A l’aube de son affirmation, l’identité ukrainienne semble trouver une indépendance économique dans une zone géographique dont le barycentre se trouverait entre la Russie et la Chine. Mais cette identité ne s’affirmera pas sans indépendance politique dont le barycentre, lui, se trouve entre l’Europe et la Russie. C’est très précisément ce que pensent 56% des députés de la Rada, tous bords confondus, comme le révèle un sondage de 2011 effectuépar le Centre d'études sociologiques et politiques « Sotsiovymir» et l’institut international pour la démocratie.

Pour l’heure, l’Ukraine joue sur les deux tableaux. En 2011 d’abord, elle a prévu l’ouverture d’un centre culturel à Bakou en Azerbaïdjan où vivent plus de 30 000 ukrainiens. Mais début 2012, elle a également ouvert le « Centre européen pour une Ukraine moderne » à Bruxelles, organisation non-gouvernementale, ayant pour mission d’informer et de prendre des contacts au sein de l’Union pour des futures coopérations notamment sur le plan culturel. Rappelons que l’Ukraine est dans un contexte de profonde réforme de l’éducation et de l’enseignement supérieur. Pour ce dernier secteur, Dmytro Tabachnyk prévoit de diviser par 10 le nombre d’universités et de réduire (économie ou droit) ou d’augmenter (informatique et technologies de l’information) le numerus clausus des domaines d’enseignement qu’ils soient porteurs ou non. Cette initiative lui coutera probablement cher car le Président Yanukovych, fort mécontent, a, entre autre, missionné son fidèle procureur pour enquêter sur lui.

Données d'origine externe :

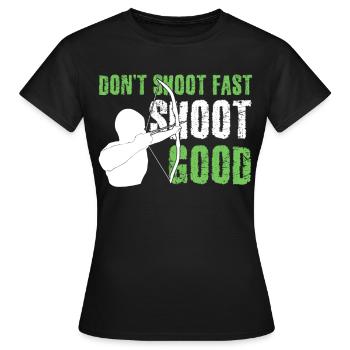 Longbow 3D Tir à l’arc Tir à l’arc Tir à l’arc - T-shirt Femme - noir - Devant - AI Model Female 172 dark (172cm)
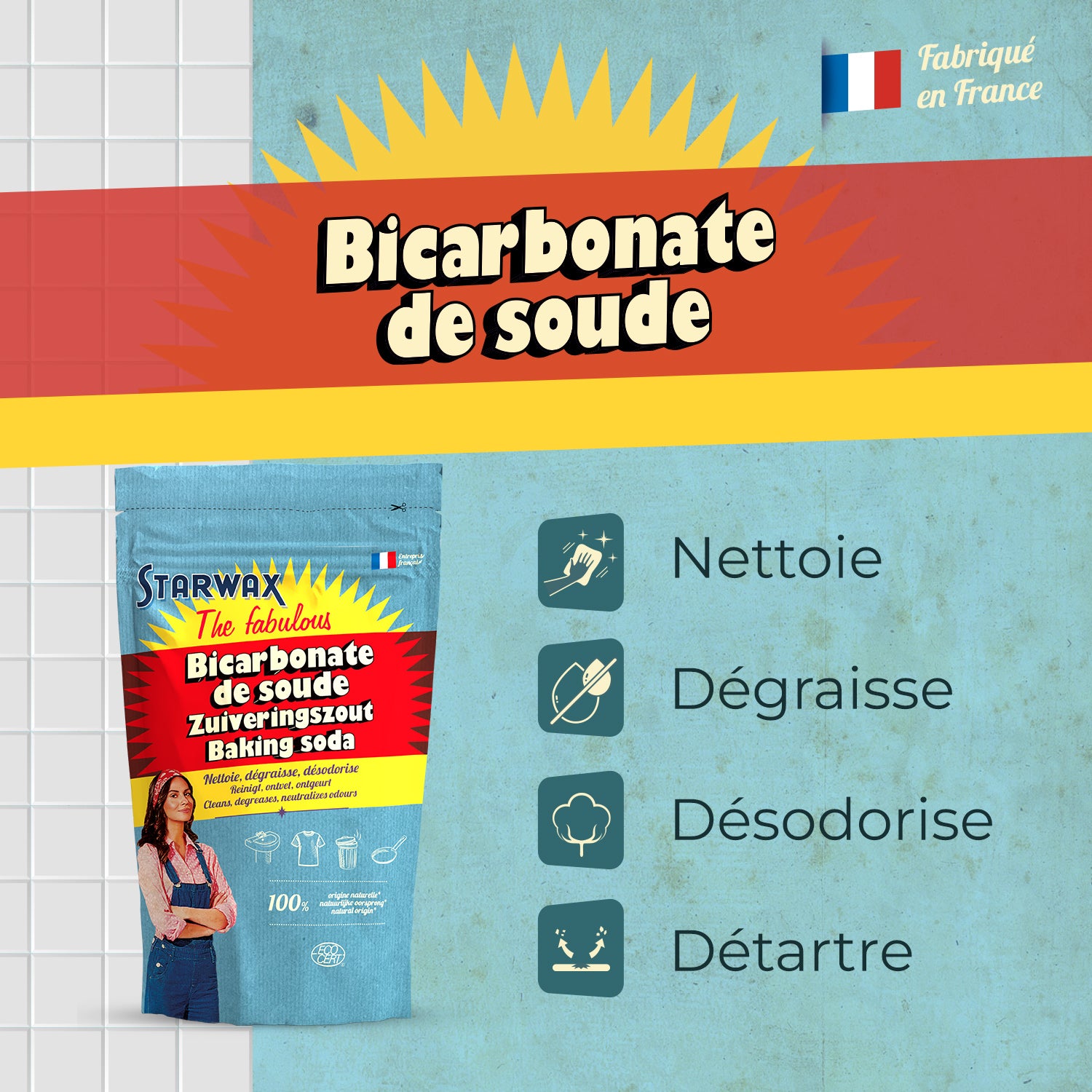 STARWAX FABULOUS - Bicarbonate de soude
500g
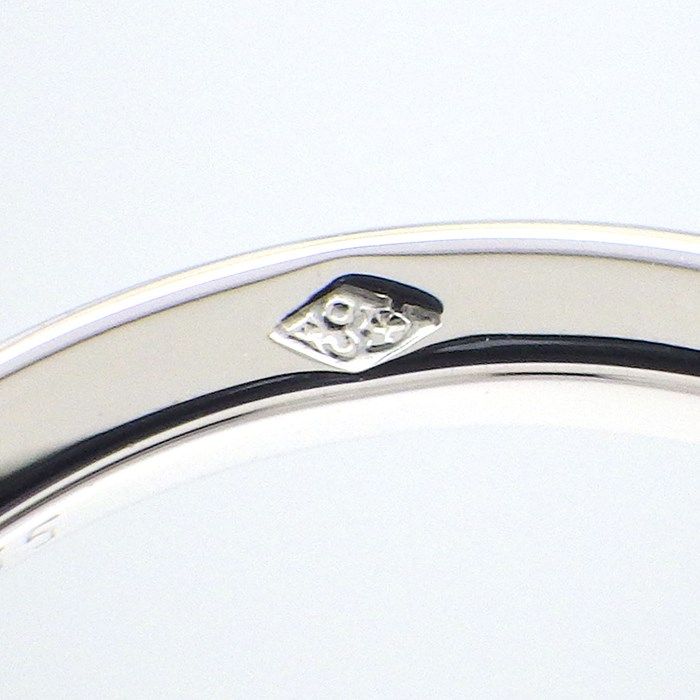 HERMES Éperon d'Or Diamond Ring in K18 White Gold - Size 15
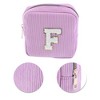 Unique Bargains Letter F Pattern Makeup Bag 1 Pc - 4 of 4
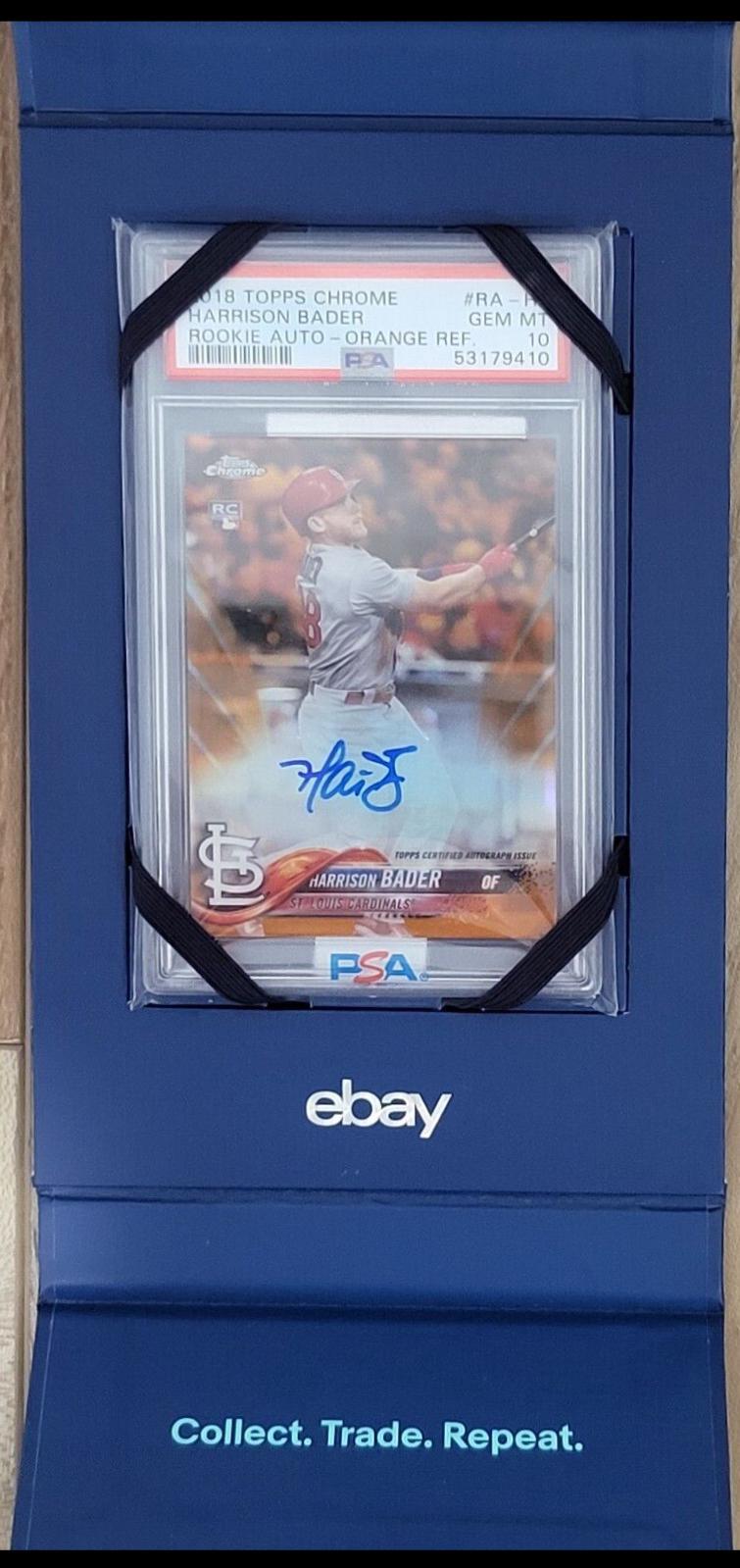 Harrison Bader [Orange Refractor] #RA-HB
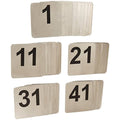 Stainless Steel Number Cards 1-50 Y68189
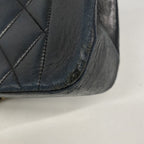 Chanel Shoulder Bag Diana Lambskin Black Gold — view 6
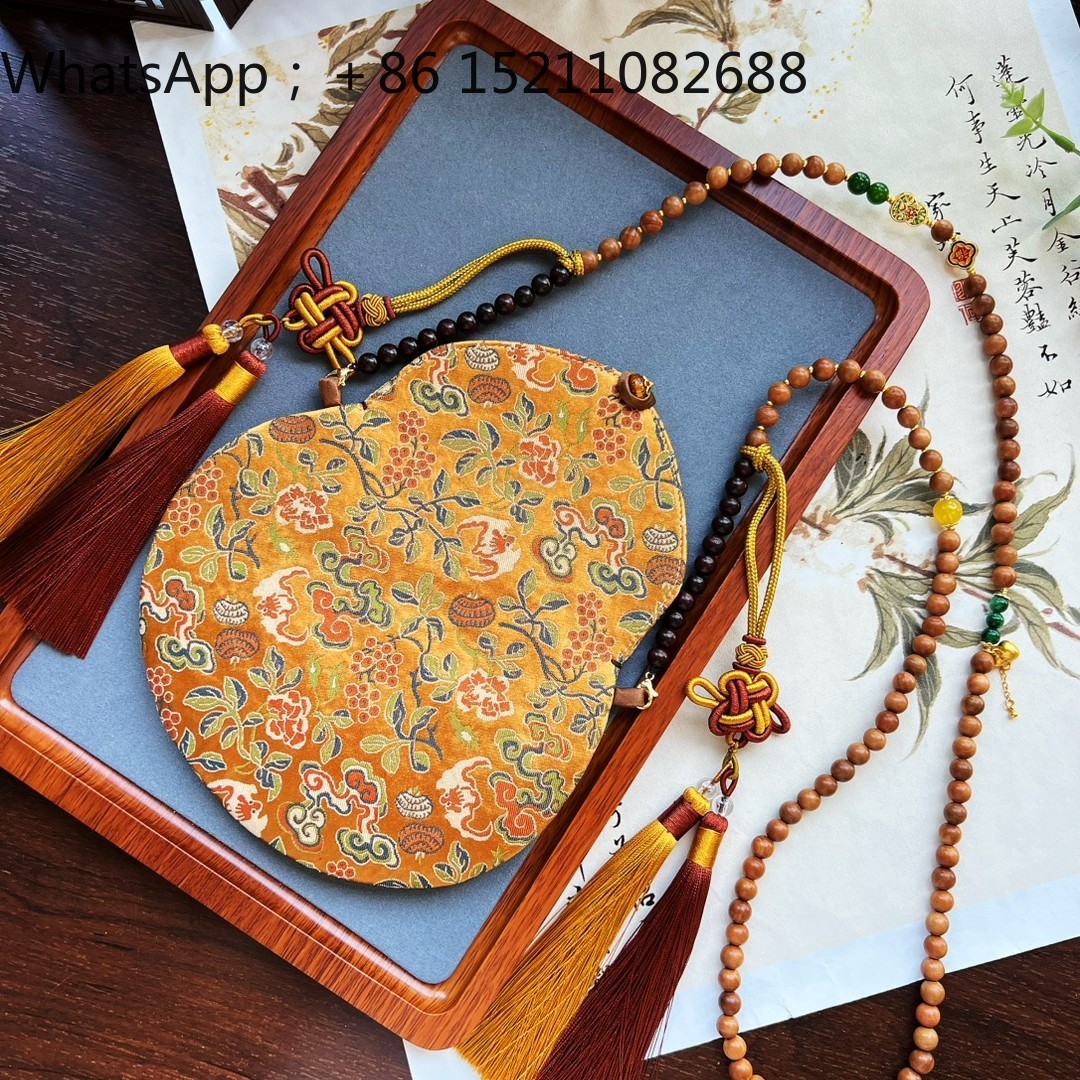 Phone Accessories Hanger - Bolsa de tecido bordada estilo cabaça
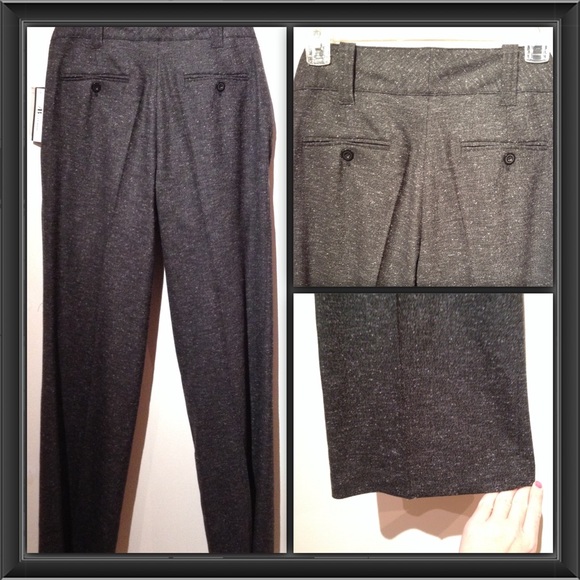 NWT*AB Studio Grey Trouser Pants Mid-flare - Picture 3 of 3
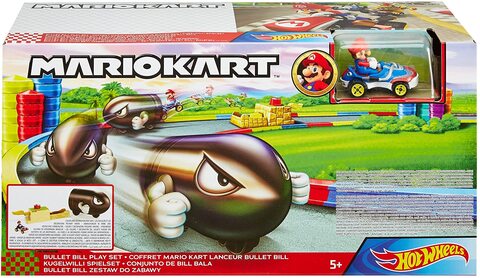 Hot Wheels Mario Kart Bullet Bill Playset GKY54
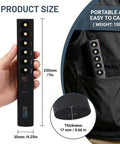 Hand holding Dope Rechargeable Color Temperature Light Wand For Photography And Video next to backpack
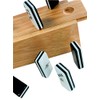 Domino Profesional Acrílico Cebra Negro En Caja De Madera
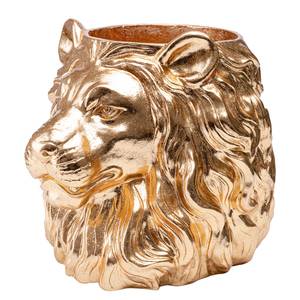 Deko Übertopf Lion I Gold - Kunststoff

Si l’on considère que le cœur de la Russie est en Europe, alors la construction russo-européenne n’appelle qu’à s’exprimer, à s’organiser et joindre ses forces pour soutenir l’Ukraine à acquérir sa place future sur l’échiquier mondial. Ainsi, sauf à n’intégrer que la moitié de l’Ukraine dans l’Union européenne, la langue sera probablement la première porte des concessions réciproques avec la Russie. Or, l’Union européenne ne pourra exercer une politique communautaire de soft power sur le terrain de l’enseignement et de la culture en Ukraine sans la penser et la coordonner en amont avec ses Etats membres. Rappelons néanmoins que la Chine surveille le développement des relations Union Ukraine, elle qui a multiplié par 35 ses exportations vers ce pays en 10 ans.

Parce qu’il n’est d’Etat Nation sans justice ni droit, il appartient au préalable à l’Ukraine de faire le premier pas en s’engageant de bonne foi dans les réformes institutionnelles que l’Europe ne cesse d’appeler de ses vœux.

Ce champ de bataille de l’influence aura l’avantage de nous rappeler que la langue et la culture ne sont pas des barrières mais des ponts. Mémorisons seulement qu’Odessa, principale ville d’Ukraine et carrefour commercial historique, est devenue le port connu qu’elle est aujourd’hui par l’œuvre d’un Maire passé Gouverneur-général de la Nouvelle-Russie, ayant reçu ses charges du Tsar Alexandre 1er lui-même, Armand-Emmanuel du Plessis, duc de Richelieu et petit-neveu du Cardinal ; et qu’en cette ville, rapporte Alexandre Pouchkine, on y parlait la langue d’une minorité … le français.